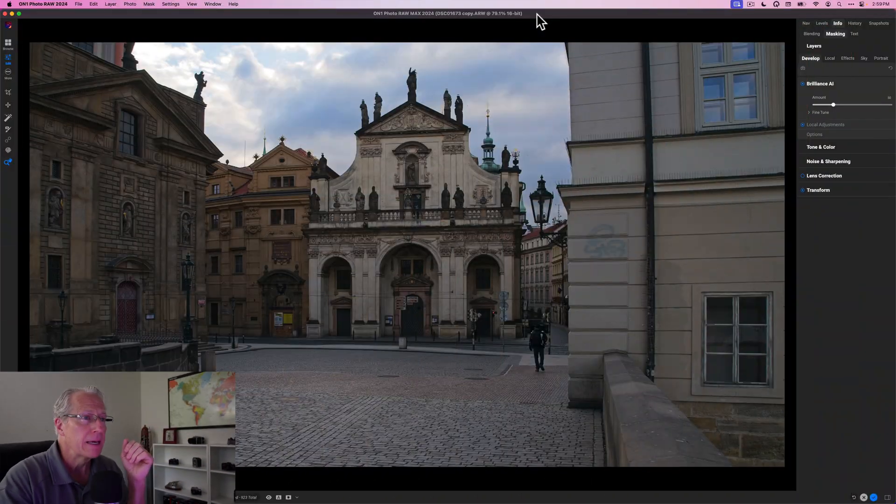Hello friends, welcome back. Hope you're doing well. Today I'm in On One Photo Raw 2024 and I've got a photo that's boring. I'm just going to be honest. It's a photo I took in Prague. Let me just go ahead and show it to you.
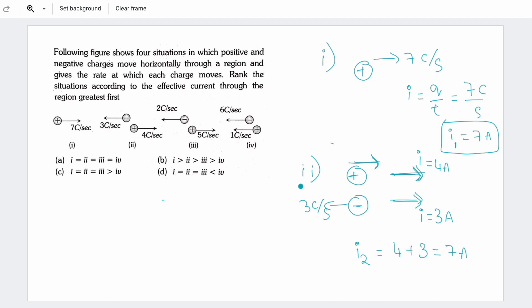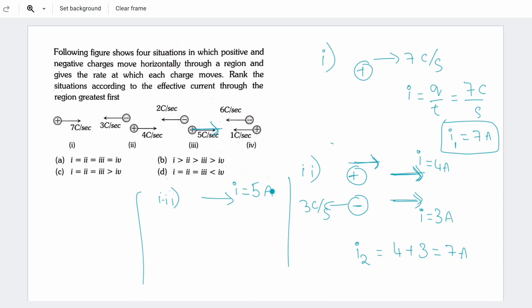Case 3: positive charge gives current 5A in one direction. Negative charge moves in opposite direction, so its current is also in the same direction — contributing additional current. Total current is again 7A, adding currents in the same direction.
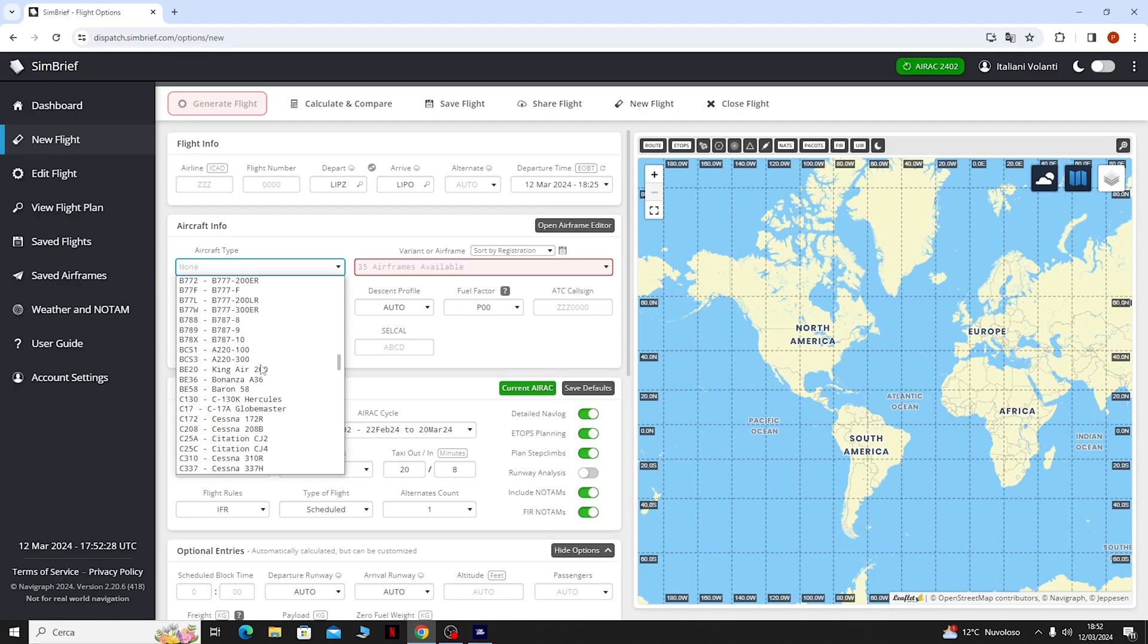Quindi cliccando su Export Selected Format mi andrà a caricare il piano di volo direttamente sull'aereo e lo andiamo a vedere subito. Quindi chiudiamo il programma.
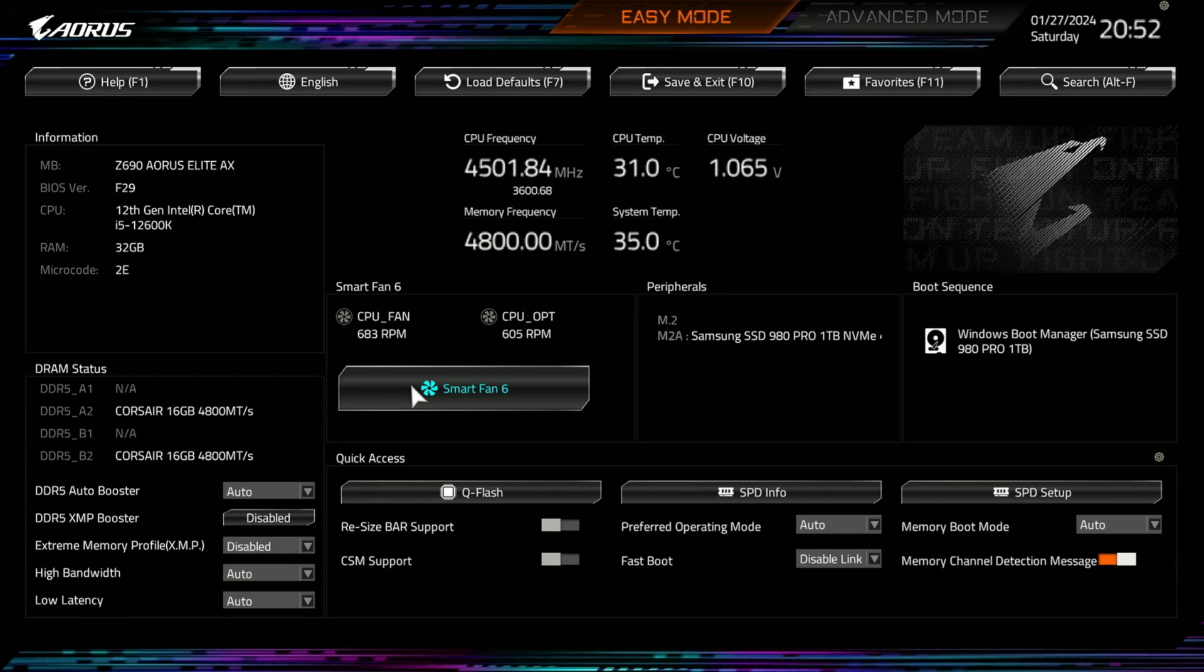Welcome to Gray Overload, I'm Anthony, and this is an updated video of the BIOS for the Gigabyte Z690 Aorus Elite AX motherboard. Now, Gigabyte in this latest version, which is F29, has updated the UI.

* * * * * * *

YOUR INSTRUCTIONS » Everything from the line that contains "Quindi cliccando su" to the final line of the data is to be duplicated exactly, both ends included, except the pictures.

SOLUTION BELOW »
Quindi cliccando su Export Selected Format mi andrà a caricare il piano di volo direttamente sull'aereo e lo andiamo a vedere subito. Quindi chiudiamo il programma.
Welcome to Gray Overload, I'm Anthony, and this is an updated video of the BIOS for the Gigabyte Z690 Aorus Elite AX motherboard. Now, Gigabyte in this latest version, which is F29, has updated the UI.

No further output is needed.